Anni dopo, nel 2016, ero volontaria nella biblioteca di una scuola elementare del Luganese. Avevo deciso di indossare il velo, una scelta personale e spirituale. Un giorno, la responsabile della biblioteca mi si è avvicinata e, con tono severo, mi ha chiesto: "Cosa stai facendo?". Io, confusa, le ho risposto: "Cosa?". Lei, senza mezzi termini: "Ah, non penserai mica di venire con il velo in biblioteca!". Sono rimasta basita. Le ho risposto: "Scusa, perché? Se entra una suora ha il velo, no? Che differenza c'è tra me e lei? Crediamo nello stesso Dio". La situazione è degenerata al punto che hanno convocato una riunione con tutte le bibliotecarie per decidere, con una votazione, se io potessi continuare a fare da volontaria o meno.
Spesso ricevo insulti in altre lingue. Lo trovo assurdo: che senso ha offendere qualcuno se quella persona non può capirti? Forse chi lo fa si sente più forte, convinto che l’altro non possa rispondere. Ma per me è solo un segno di vigliaccheria.

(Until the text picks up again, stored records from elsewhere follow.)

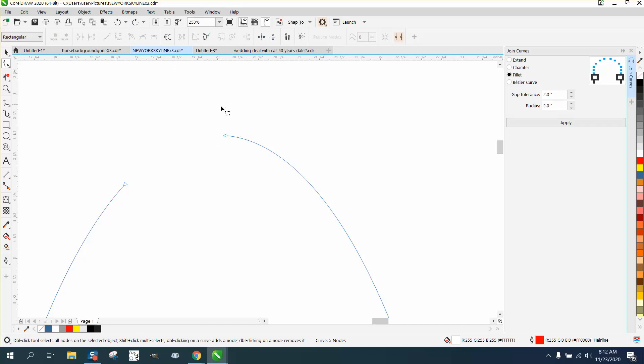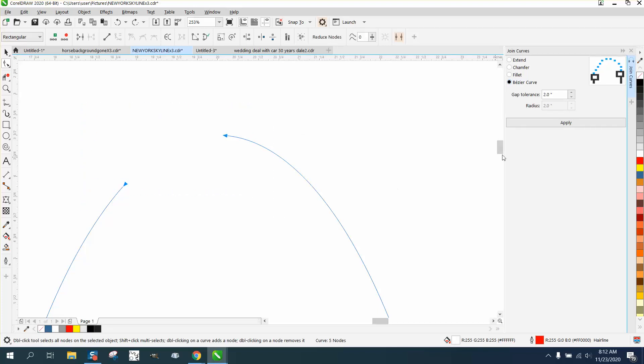So to do that another way is to pick the Bezier curve and select both your nodes and then hit apply, and it finishes your curve no matter what your curve is.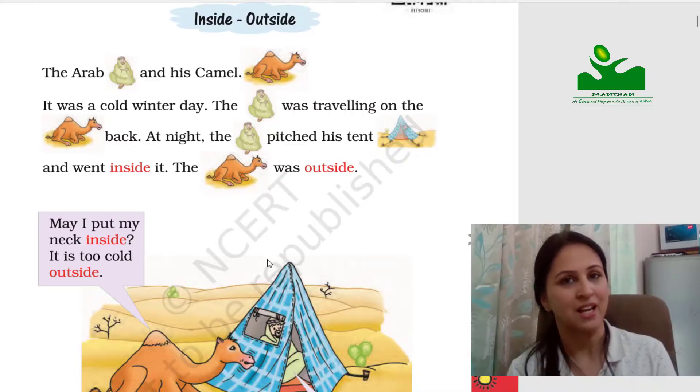Jai Hind Namaskar. This video is for grade 1 subject maths. We will be understanding the concept of inside and outside through a story. This story is available on the NCERT book. If you have the book you can refer to it, or else you can download the PDF format from the link which is in the description. Now let's start the story.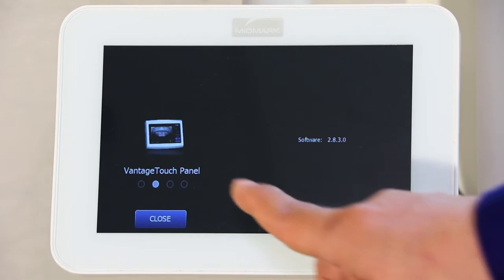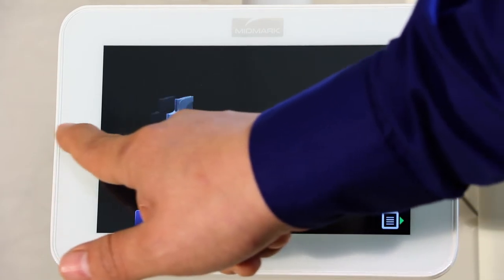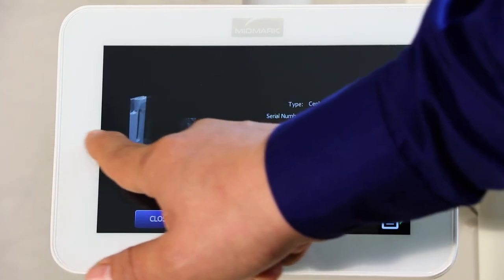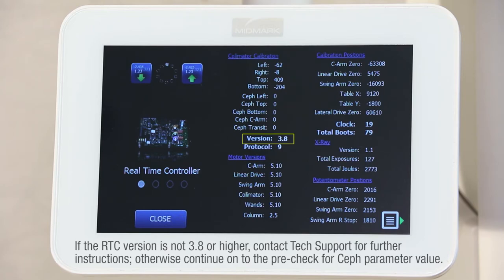Starting from where you checked the Device Suite, verify that the RTC version 3.8 or higher is installed. Place your finger on the image and slide it left or right until the Real-Time Controller is displayed, and look for the RTC version number as indicated. If the version is not 3.8 or higher, contact Tech Support for further instructions. Otherwise, continue on to the pre-check for Ceph parameter value.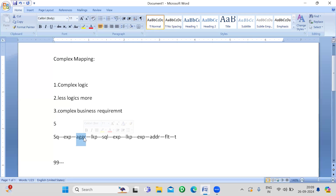Some people in interviews say that SCD Type 2 is a complex mapping — don't say that. If you are working on a project, implementing SCD1 and SCD2 is absolutely a regular thing, that is like a routine task and cannot be considered a complex mapping. Also, don't say you have these many transformations, so that is the reason it's complex — that is never considered a complex mapping.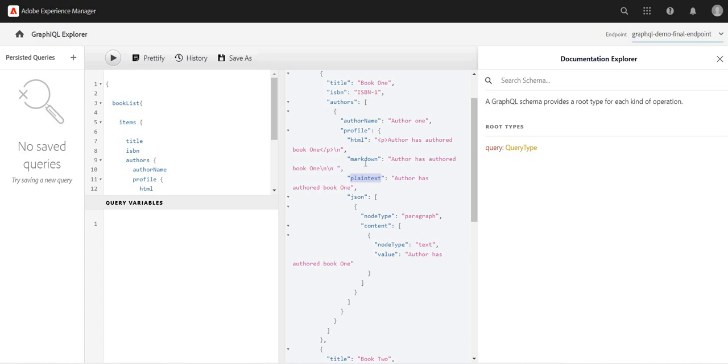So we can use these attributes on whatever business use case we have. Thank you so much for watching and stay connected. We'll just use more filters, etc. - we'll see how we can utilize this GraphQL feature. Thank you so much.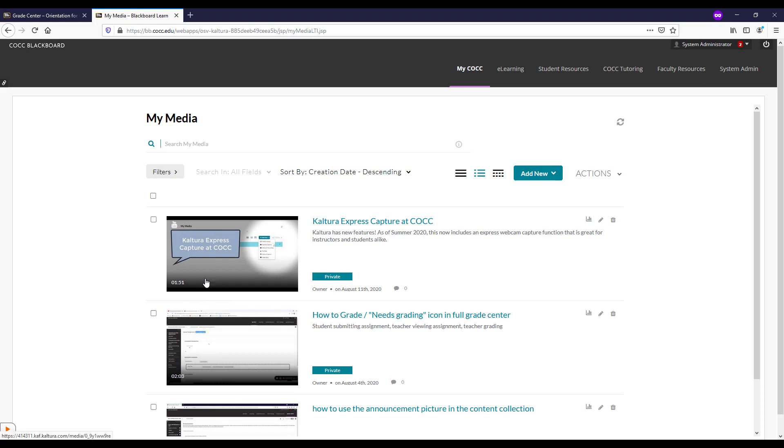We can tell it's a YouTube video and not our own recording by the little YouTube symbol right there.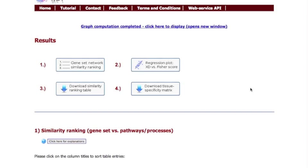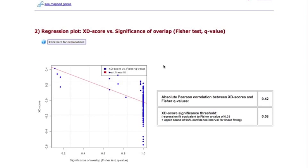Similarly, you can download the similarity ranking table and the tissue-specific association scores on the main results page. We will instead inspect a further web-based plot. This regression plot shows the relation between the EnrichNet network-based association score and the classical significance of overlap score for each pathway.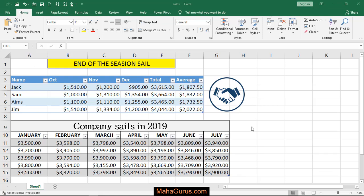Hi guys, welcome back to our YouTube channel. So in this tutorial, we're going to learn how we can reset a picture in Microsoft Excel.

Un giorno ero alla cassa di un supermercato a Kufurama. Il cassiere stava cambiando il rullino dello scontrino, quindi c’era un po’ di attesa. Avevo già appoggiato la mia spesa sul nastro quando una donna dietro di me ha detto, in dialetto ticinese: "Te t’avist che sta qi?" (Hai visto questa qui?). Mi sono girata e l'ho guardata dritto negli occhi. "Shura a ga problemi?". La sua mascella è caduta, non se l'aspettava. Non ha detto più nulla.
Non tanto tempo fa, stavo attraversando sulle strisce pedonali vicino al Denner quando un uomo anziano mi ha insultata pesantemente. Senza perdere la calma, gli ho risposto: "Dile a ta mà qel che mi amaedì" (Dillo a tua madre quello che mi hai detto). È rimasto di sasso.
L'episodio più recente è probabilmente il più ridicolo: stavo parcheggiando alla Lanchetta quando ho visto un uomo svizzero tedesco parcheggiare il suo grande gippone nel posto riservato ai disabili. Mi sono avvicinata e gli ho detto: "Certo che come invalido non vedo il distintivo sulla macchina". La sua reazione è stata rabbiosa: ha iniziato a insultarmi pesantemente in svizzero tedesco. Quello che non sapeva è che io parlo la sua lingua. Gli ho risposto nella sua stessa lingua. Scioccato, ha perso le staffe e mi ha urlato: "Torna al tuo paese!". A quel punto, con calma, gli ho risposto: "Questo è il mio paese. Sei tu che dovresti tornare al tuo". Ho fotografato la targa e chiamato la polizia.
Non cerco la compassione di nessuno, ma voglio che queste storie siano ascoltate. Perché il problema non è mio, è di una società che fatica ancora ad accettare la diversità. E io non ho alcuna intenzione di abbassare la testa.